In layered media, the solution of the Maxwell equations has discontinuity of the derivative or the function itself at media interfaces. For the first time, finite-difference schemes providing convergence for discontinuous solutions across straight media interfaces are proposed for the one-dimensional formulation of the Maxwell equations. These are bicompact conservative schemes. They are two-point and layer boundaries are taken as mesh nodes. The scheme explicitly accounts for physically correct interface conditions at media interfaces.
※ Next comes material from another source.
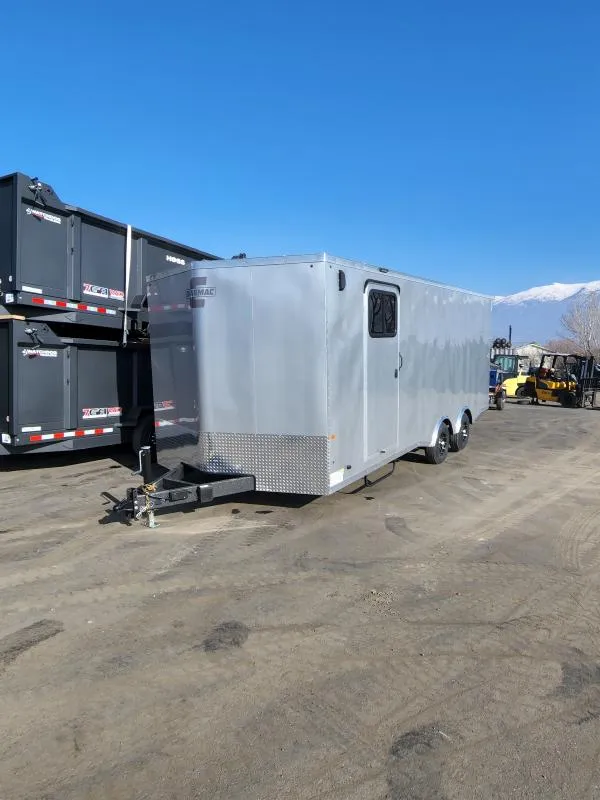 new Cargo (Enclosed) Trailers Charmac Trailers  for sale, in Layton, UT Thumbnail 2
We propose an essentially new technique which accounts for medium dispersion. All these features provide the second order of accuracy even on discontinuous solutions. Calculation examples, which illustrate these results, are given. The proposed method is verified by comparison with a previously performed experiment on propagation of normally incident plane wave on one-dimensional photonic crystal. Calculated spectrum agrees well with the measured one within experimental error of 2-5%.

在分层介质中，麦克斯韦方程的解在介质界面处具有导数或函数本身的不连续性。第一次，为麦克斯韦方程的一维公式提出了为跨直接介质界面的不连续解提供收敛的有限差分方案。这些是双紧保守方案。它们是两点，层边界作为网格节点。该方案明确说明了媒体接口处物理上正确的接口条件。我们提出了一种基本的新技术来解释介质色散。所有这些功能即使在不连续的解决方案上也提供二阶精度。给出了说明这些结果的计算示例。通过与先前进行的垂直入射平面波在一维光子晶体上传播的实验进行比较，验证了所提出的方法。计算光谱与实测光谱吻合良好，实验误差为 2-5%。